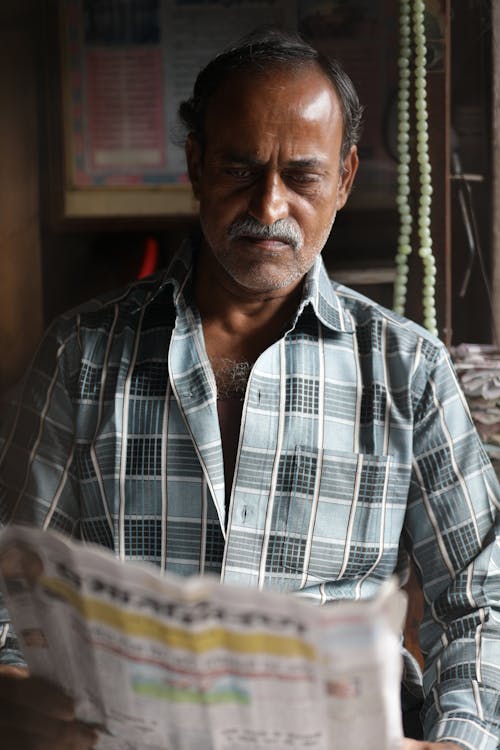Man Reading a Newspaper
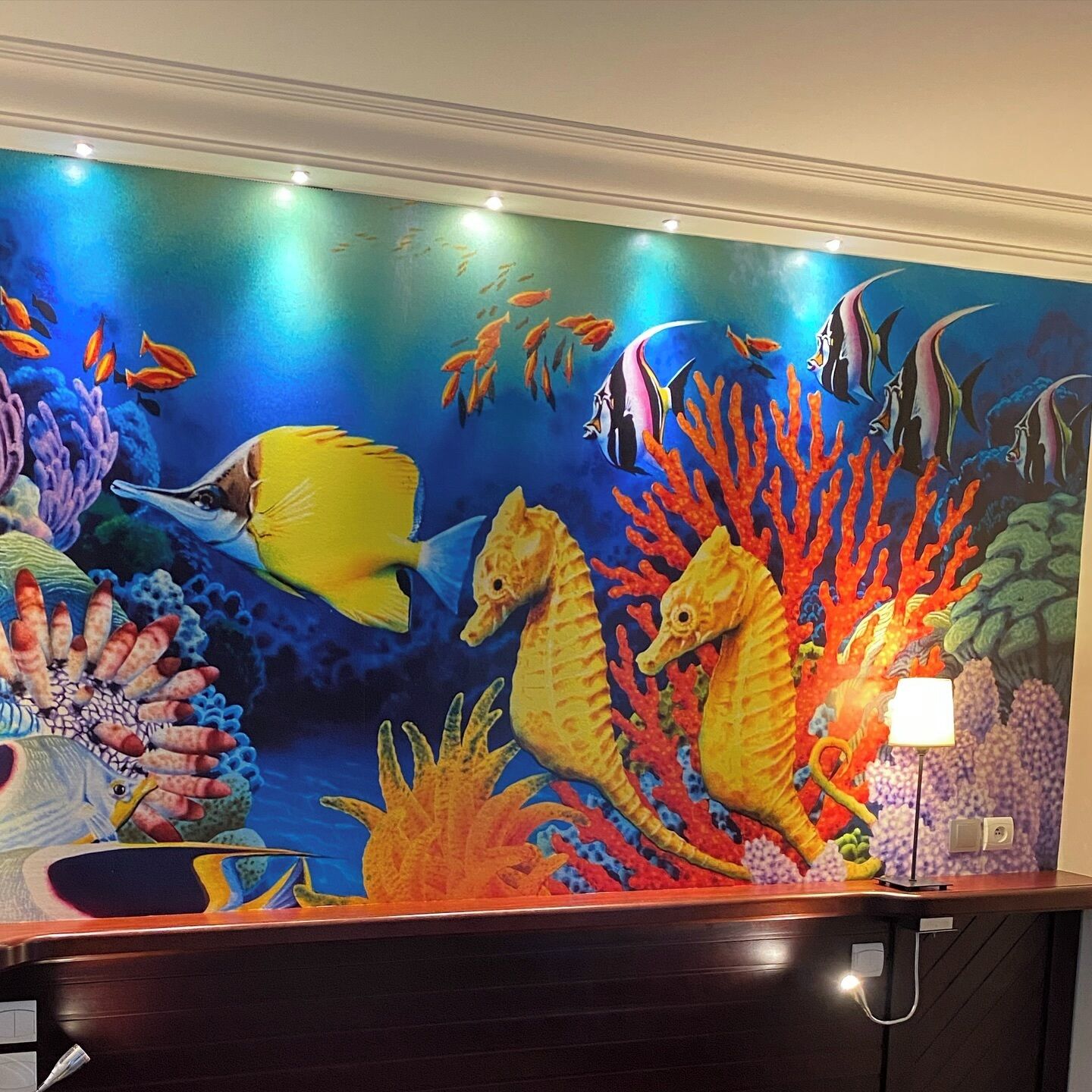 A vibrant underwater mural with fish and seahorses.
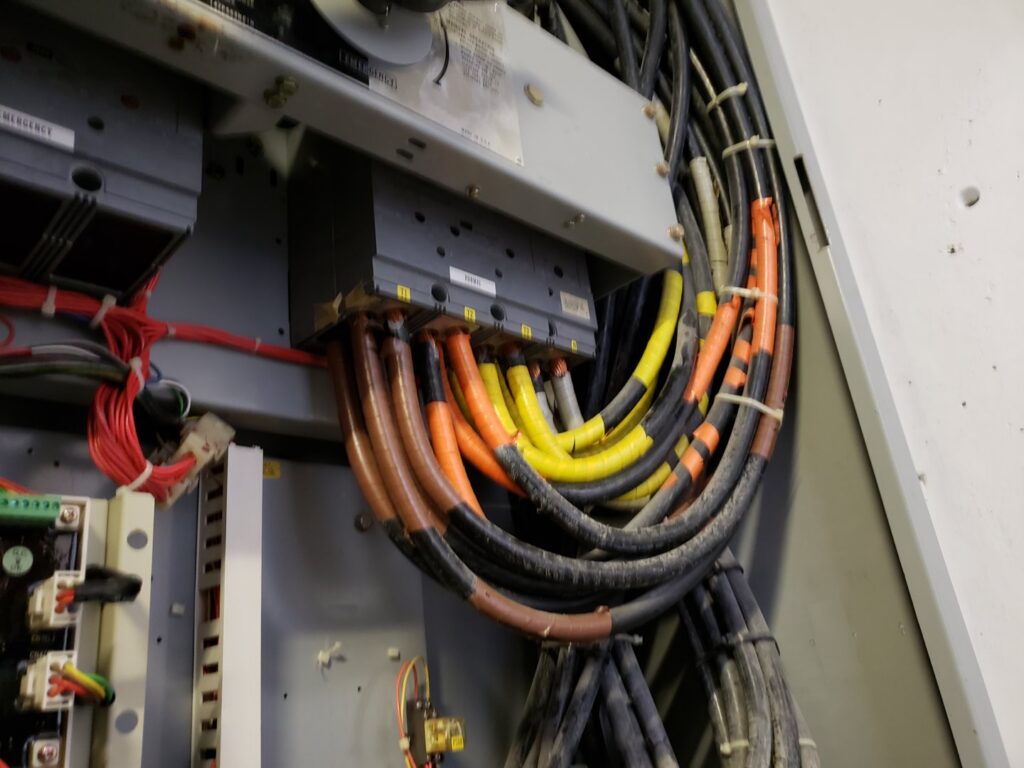 Heavy electrical wiring and cables inside a commercial panel, expertly handled by Electricians On Call in Fort Lauderdale, FL.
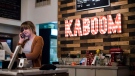 Kaboom Chicken restaurant employee Sydney Harrison takes a customer's order in Toronto on Friday, December 29, 2017. THE CANADIAN PRESS/Christopher Katsarov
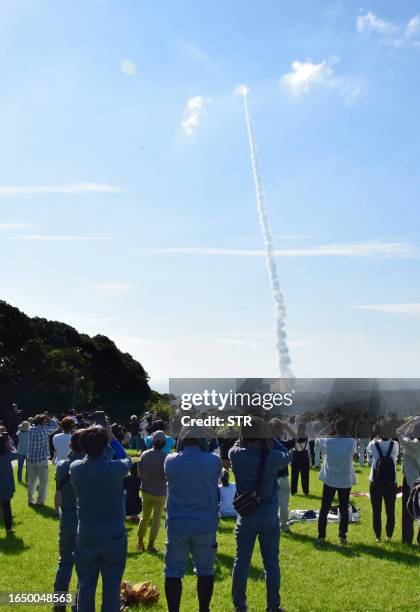 People watch the launch of a H-IIA rocket carrying a small lunar surface probe and other objects, near the Tanegashima Space Centre on Tanegashima...
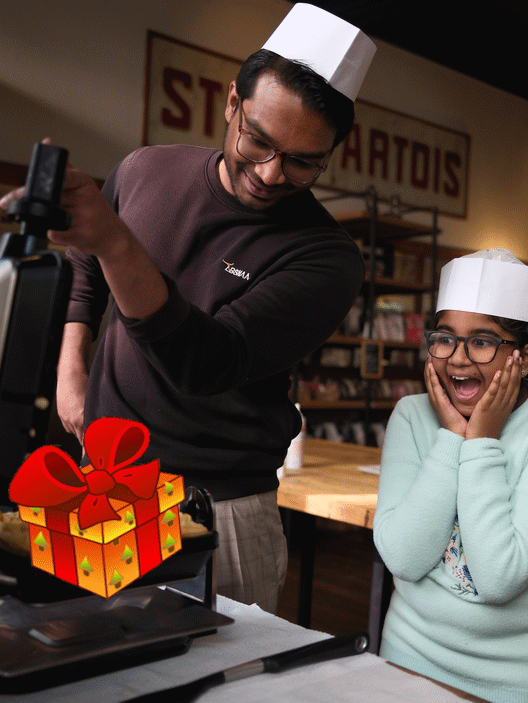 father giving a waffle making voucher to her daughter, surprise!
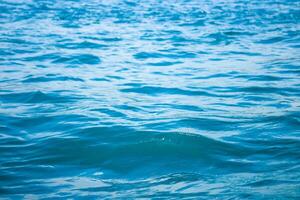 abstract background of seawater flow under light exposure photo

***

### Work to complete
Could you transcribe all of the data exactly, keeping every picture out of the copy?

### Answer section
Man Reading a Newspaper
 A vibrant underwater mural with fish and seahorses.
 Heavy electrical wiring and cables inside a commercial panel, expertly handled by Electricians On Call in Fort Lauderdale, FL.
 Kaboom Chicken restaurant employee Sydney Harrison takes a customer's order in Toronto on Friday, December 29, 2017. THE CANADIAN PRESS/Christopher Katsarov
 People watch the launch of a H-IIA rocket carrying a small lunar surface probe and other objects, near the Tanegashima Space Centre on Tanegashima...
 father giving a waffle making voucher to her daughter, surprise!
 abstract background of seawater flow under light exposure photo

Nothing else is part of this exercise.